Work instructions —
No pictures go in the copy; retype exactly the lines from the one with "2025年的微信分支付借钱有" through the last line of the records.

Provided records —
....

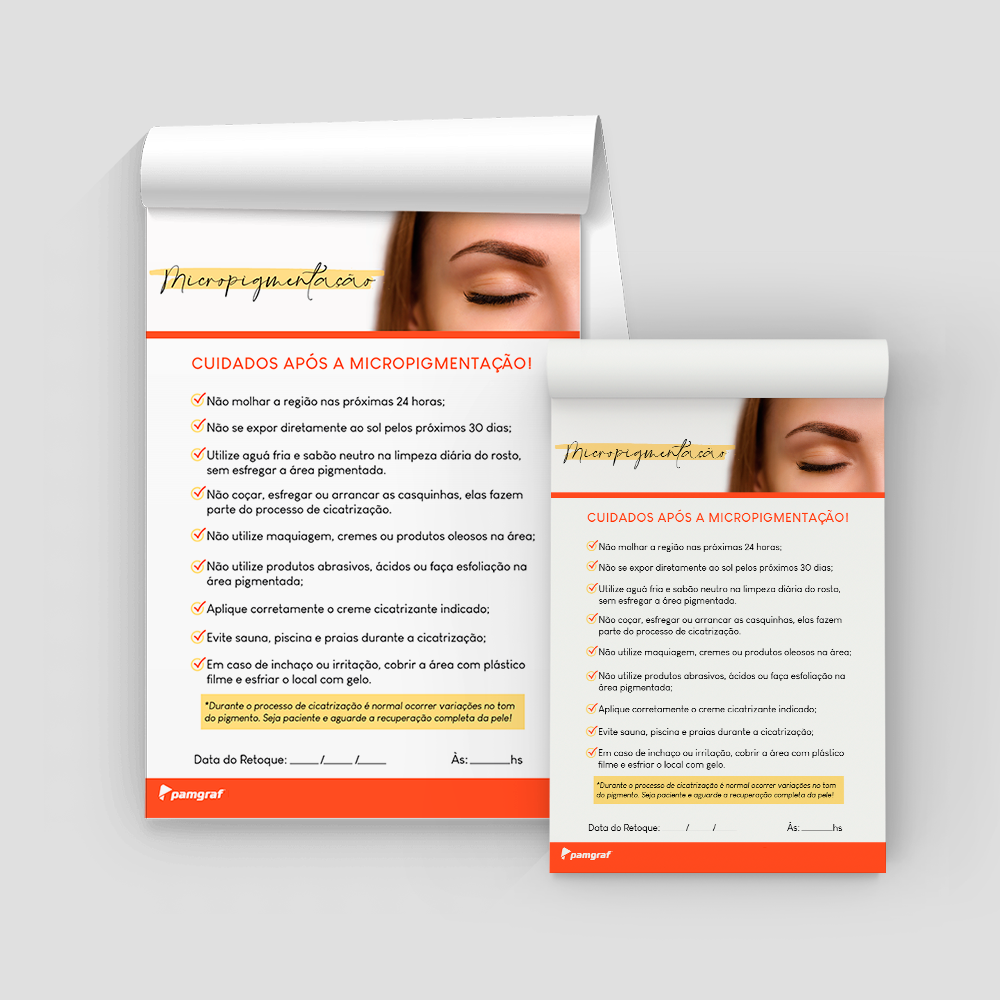 Kit Ficha Anamnese de Micropigmentação + Bloco Cuidados com 100 Folhas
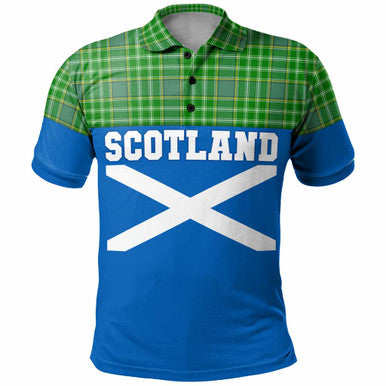 Scottish Currie Clan Tartan Polo Shirt - Lion Rampant of Scotland With Flag Front Side Tartan Plaid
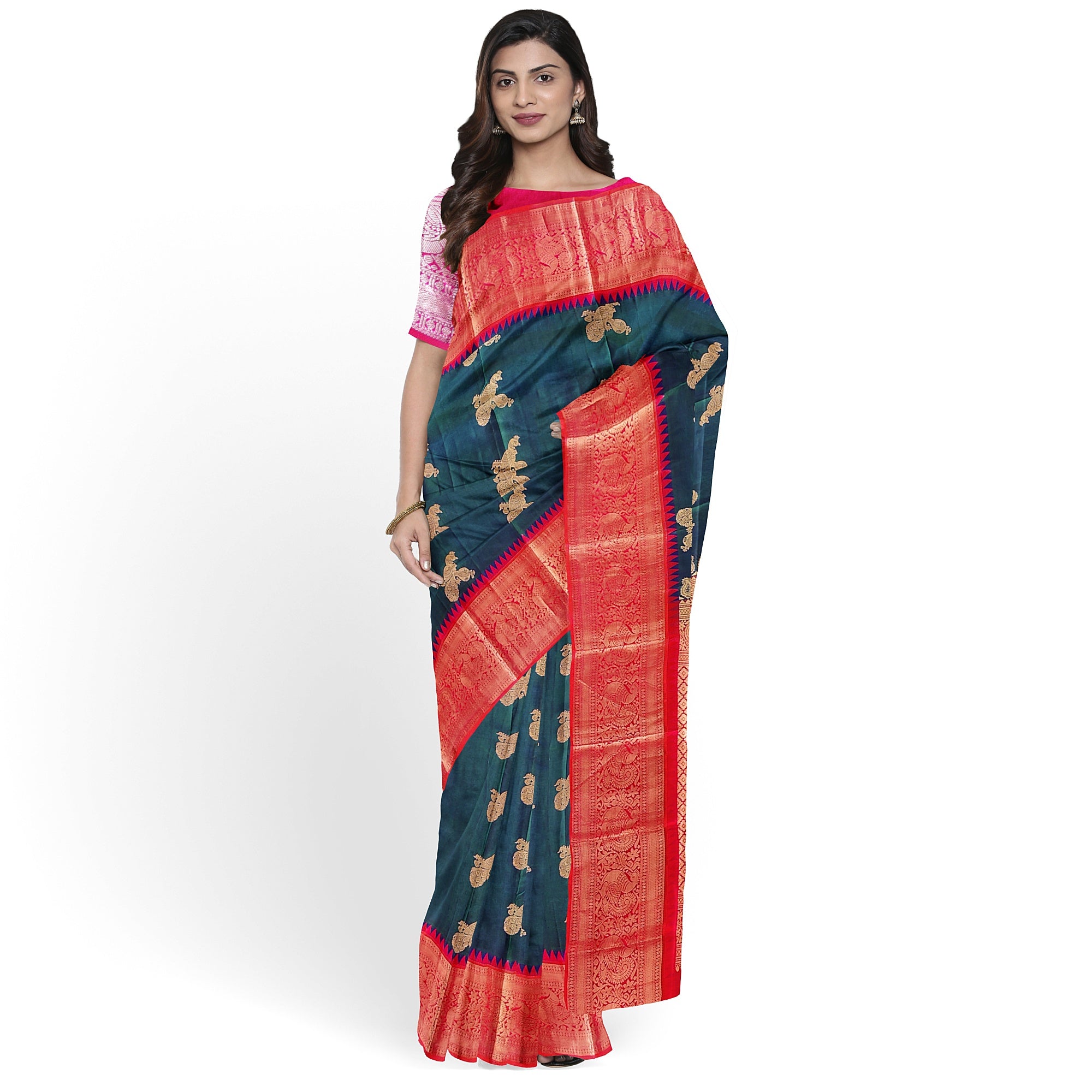 Peacock Blue Kanjivaram Silk Saree with Radium Pink Temple Border – Pure Handloom Bridal Saree Online - New Sudarshan Silks`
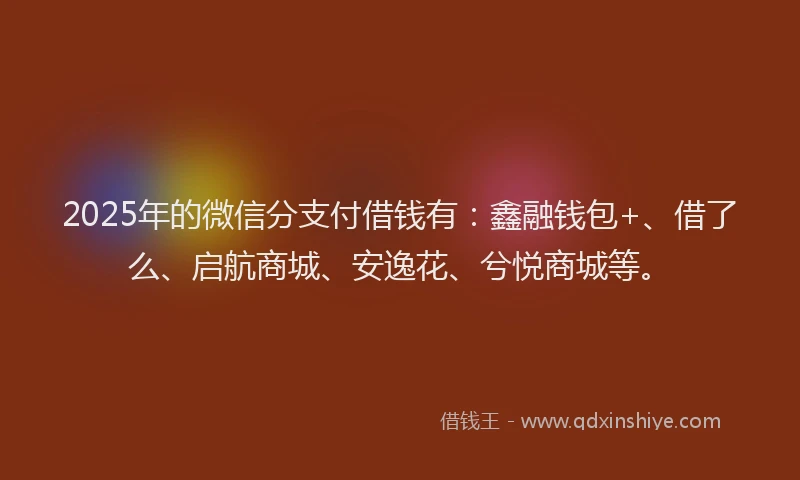 2025年的微信分支付借钱有：鑫融钱包+、借了么、启航商城、安逸花、兮悦商城等。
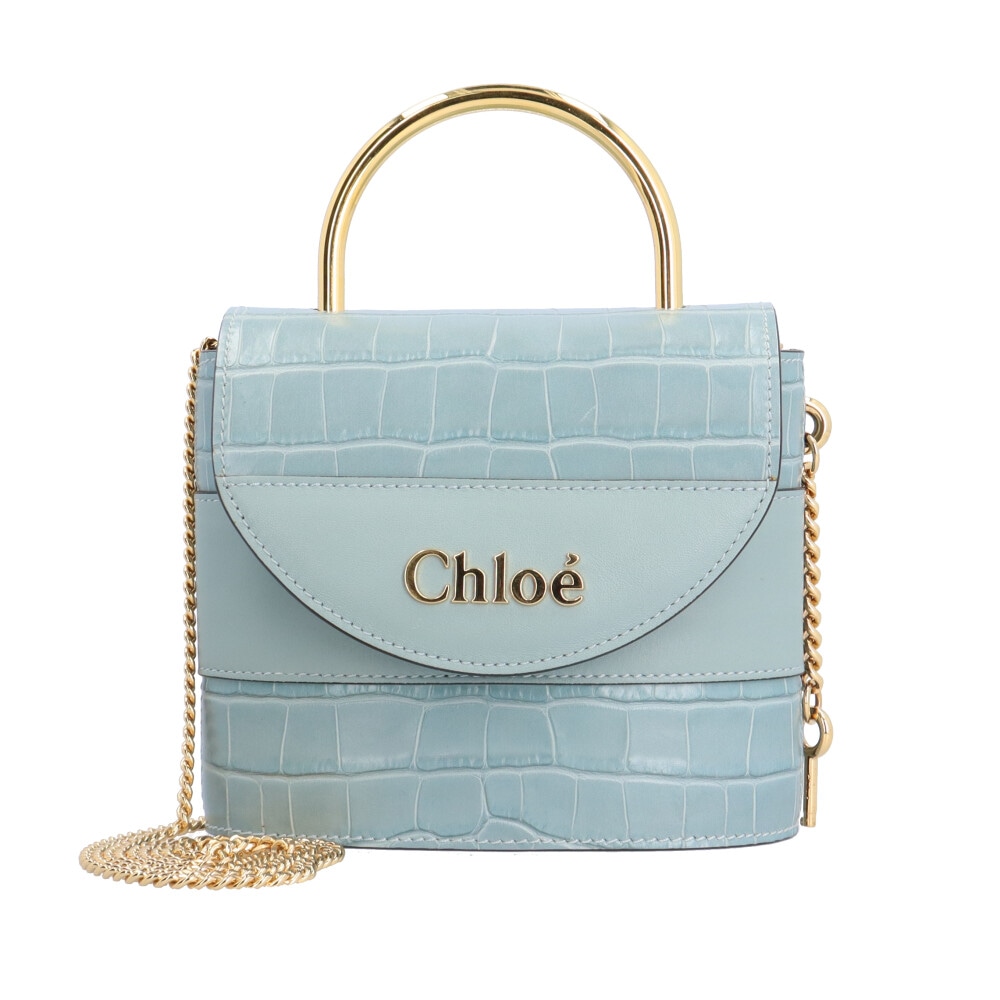クロエ スモールアビーロックチェーンバッグ ショルダーバッグ レザー CHC19WS220A8744L ブルー Chloe 中古 美品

....

Response below —
 2025年的微信分支付借钱有：鑫融钱包+、借了么、启航商城、安逸花、兮悦商城等。
クロエ スモールアビーロックチェーンバッグ ショルダーバッグ レザー CHC19WS220A8744L ブルー Chloe 中古 美品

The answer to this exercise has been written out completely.